■ Work task
Give back the whole listing verbatim, printing none of its pictures.

*** Opening Stored data ***

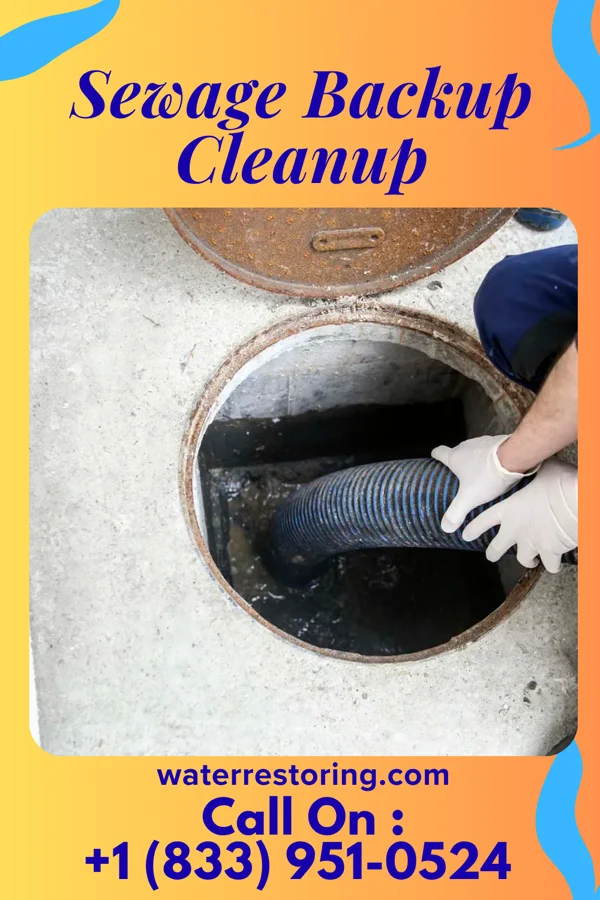 Sewage Backup Cleanup in Bradford, PA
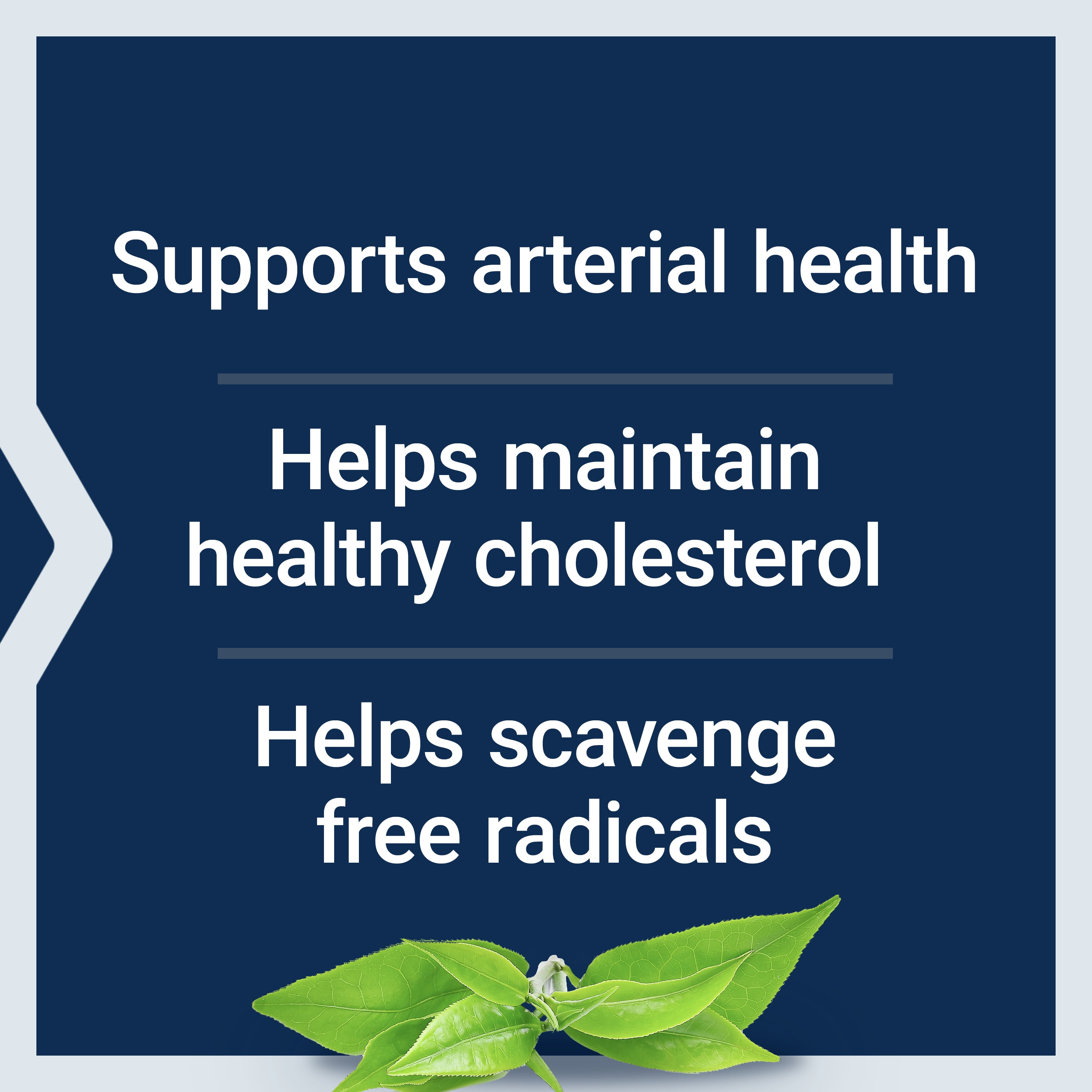 Life Extension Theaflavin Extract Tea Leaf Flavonoids Arterial Health Support Cholesterol Antioxidant Gluten-Free Non-GMO Vegetarian 30 Capsules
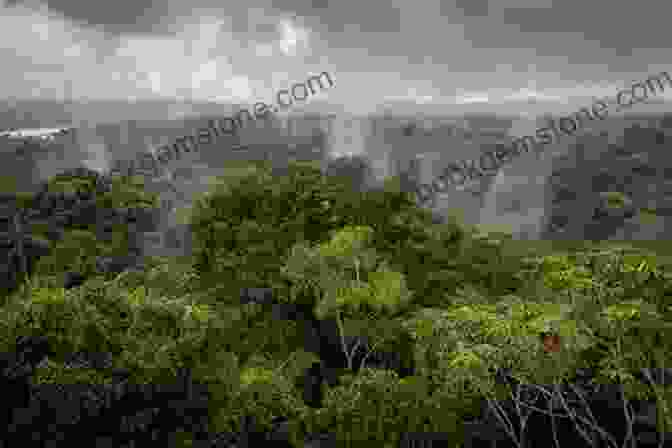 Aerial View Of Lush Amazon Rainforest, Ecuador Stories From Ecuador: A Collection By Tyrel Nelson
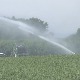 Majskoj suši odoleva suncokret, ratari prinuđeni da zalivaju useve 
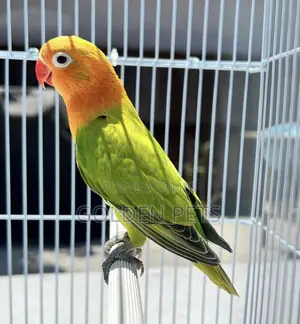 Lovebirds Male
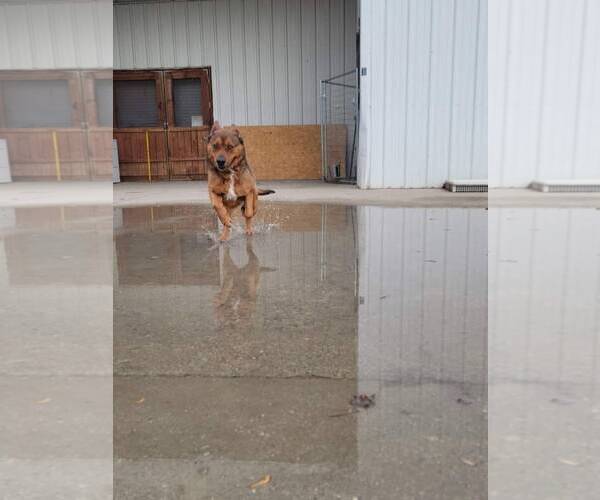 Medium Photo #18 American Staffordshire Terrier Puppy For Sale in Westminster, MD, USA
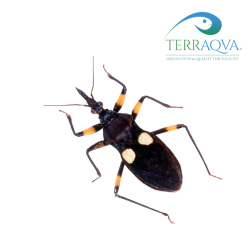 Platymeris Biguttatus | Online Sale | TERRAQUA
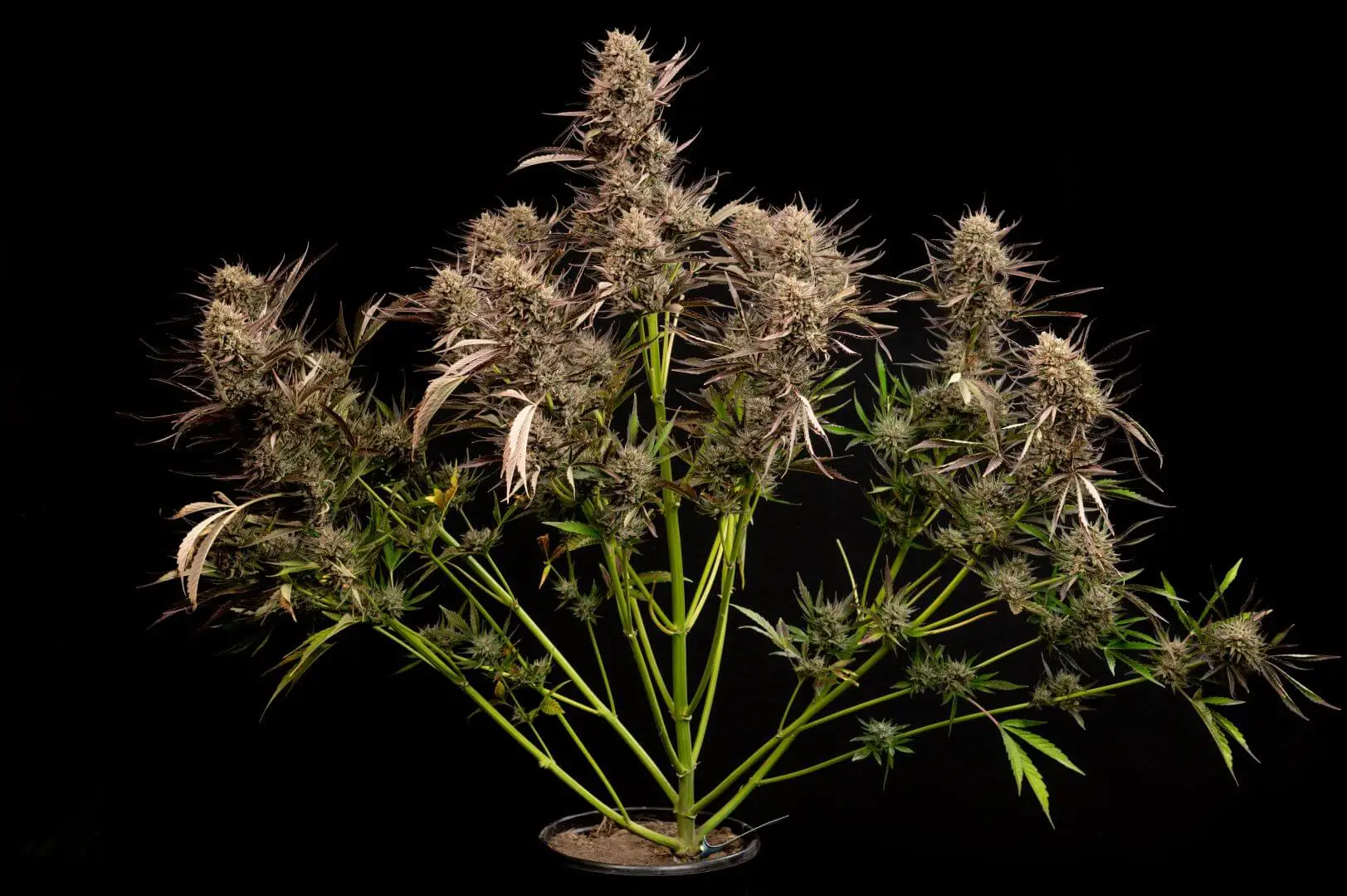 Dark Matter Auto | Multiverse Genetics | FEM Autoflower Seeds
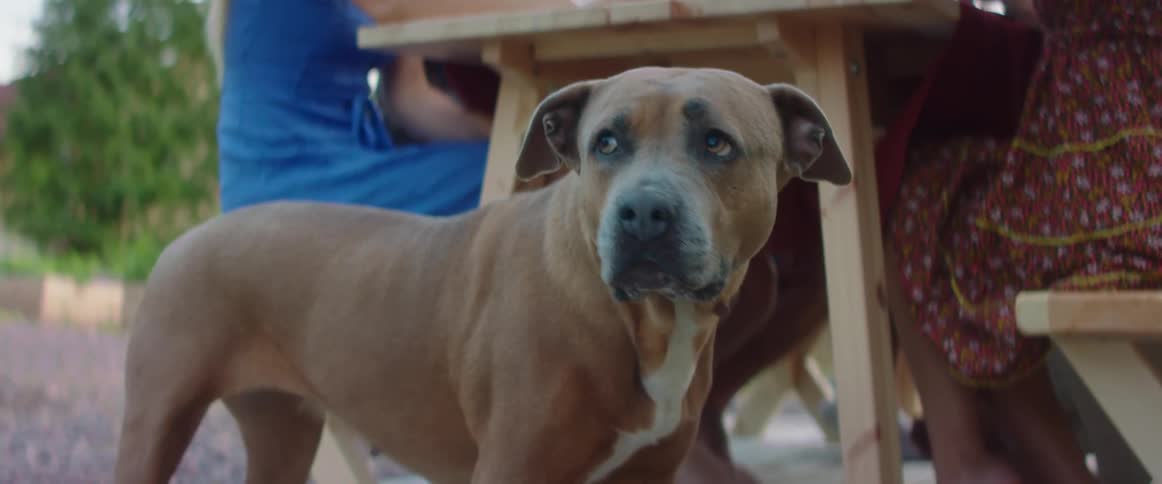 A brown dog standing outside near woman seated at a table
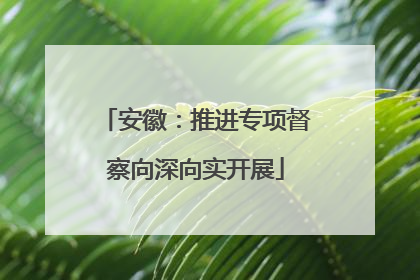 安徽：推进专项督察向深向实开展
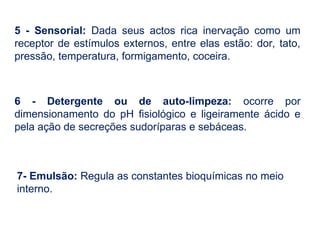 5 - Sensorial: Dada seus actos rica inervação como um
receptor de estímulos externos, entre elas estão: dor, tato,
pressão, temperatura, formigamento, coceira.
6 - Detergente ou de auto-limpeza: ocorre por
dimensionamento do pH fisiológico e ligeiramente ácido e
pela ação de secreções sudoríparas e sebáceas.
7- Emulsão: Regula as constantes bioquímicas no meio
interno.
 
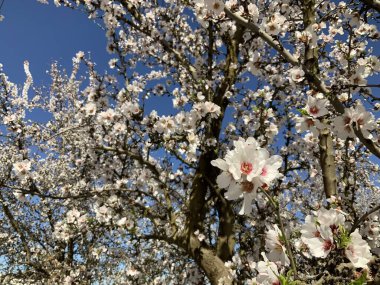 Badem ağaçları Pembe ve Beyaz Badem çiçekleri baharda açar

*** Closing Stored data ***

■ Worked solution
 Sewage Backup Cleanup in Bradford, PA
 Life Extension Theaflavin Extract Tea Leaf Flavonoids Arterial Health Support Cholesterol Antioxidant Gluten-Free Non-GMO Vegetarian 30 Capsules
 Aerial View Of Lush Amazon Rainforest, Ecuador Stories From Ecuador: A Collection By Tyrel Nelson
 Majskoj suši odoleva suncokret, ratari prinuđeni da zalivaju useve 
 Lovebirds Male
 Medium Photo #18 American Staffordshire Terrier Puppy For Sale in Westminster, MD, USA
 Platymeris Biguttatus | Online Sale | TERRAQUA
 Dark Matter Auto | Multiverse Genetics | FEM Autoflower Seeds
 A brown dog standing outside near woman seated at a table
 安徽：推进专项督察向深向实开展
 5 - Sensorial: Dada seus actos rica inervação como um
receptor de estímulos externos, entre elas estão: dor, tato,
pressão, temperatura, formigamento, coceira.
6 - Detergente ou de auto-limpeza: ocorre por
dimensionamento do pH fisiológico e ligeiramente ácido e
pela ação de secreções sudoríparas e sebáceas.
7- Emulsão: Regula as constantes bioquímicas no meio
interno.
 
 Badem ağaçları Pembe ve Beyaz Badem çiçekleri baharda açar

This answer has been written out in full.